In late June, UC Santa Cruz history professor Dana Frank traveled to Honduras to observe the one-year anniversary of the country’s 2009 military coup that deposed President Manuel Zelaya.
Walking through the city of Choloma in the early morning hours, she watched as a broad coalition of protesters--including members of trade unions, women’s groups, campesinos, and human rights groups--blocked the main highways and bridges, creating barriers out of burning tires and branches.
Frank is one of the top academic experts on Honduras in the United States.
For the past year, she has been commenting on the volatile situation in that country for media ranging from National Public Radio, to the Chicago Tribune, to the Associated Press (where she has been regularly interviewed by award-winning journalist--and UCSC alumna--Martha Mendoza from the AP’s Mexico City bureau).
Frank has spent the past 10 years researching the area.
And while Honduras may now seem to many people in the U.S. as just another vague political hot spot in a troubled world, the region is very real to Frank--particularly after she found herself wondering if she would be allowed to leave the country after filing several reports on opposition protests for The Nation magazine.
“It was a real shock to go from working in a place that nobody paid attention to, and then abruptly seeing news about the country displayed frequently in the New York Times,” said Frank.
“Suddenly my research and expertise on Honduras mattered on a national scale. And the misinformation and lack of knowledge about Honduras in the U.S. media was breathtaking.”
“It gave me a sense of responsibility as a scholar,” Frank added. “There are only three historians in the country that are working on modern Honduras.”
Frank soon made herself available to the media and began talking to members of Congress, such as Sam Farr, about U.S. policy in the region. She also contributed a number of op-ed pieces about the ramifications of the coup to such media outlets as the Los Angeles Times, Huffington Post, and San Francisco Chronicle.
Frank is the author of Bananeras: Women Transforming the Banana Unions of Latin America, published in the U.S. in 2004, with a Spanish edition released in Honduras in 2005.
She received the "Book of the Year" award from the International Labor History Association for her previous book Buy American: The Untold Story of Economic Nationalism.
Frank was also honored with an Excellence in Teaching Award by the UC Santa Cruz academic senate’s committee on teaching in 2001.
Currently doing archival research and interviews for an upcoming book on the history of the U.S. labor movement’s intervention in the Honduran labor movement during the Cold War, Frank noted that she is often concerned about the safety of her sources in Honduras.

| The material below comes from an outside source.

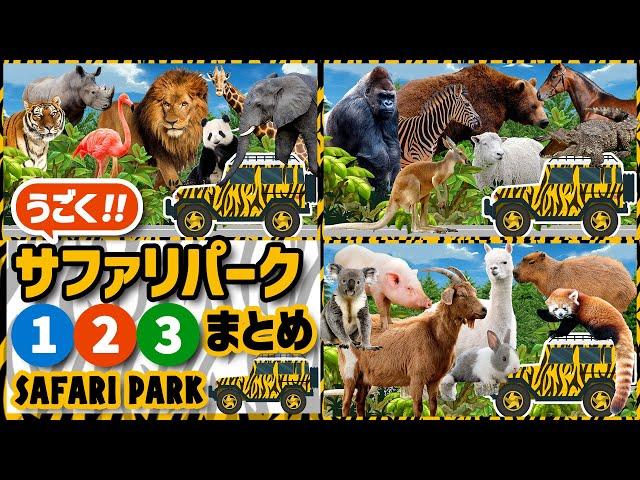 【まとめ32体】動く！サファリパーク①②③　どんな動物がいるかな？！サファリカーに乗って動物を探しにいこう！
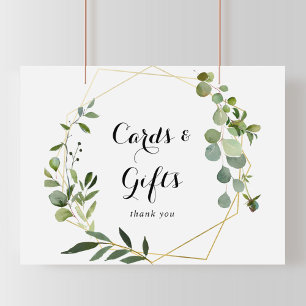Señal geométrica dorada de tarjetas y regalos trop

“It’s a tremendously dangerous situation for anyone critical of the ongoing coup regime,” said Frank. “Ten journalists have been killed since President Lobo’s inauguration in January. Human rights abuses--including death threats, assassinations and kidnappings--persist.”
“But it’s very impressive the way ordinary Hondurans continue to assert their basic democratic rights and civil liberties,” she added.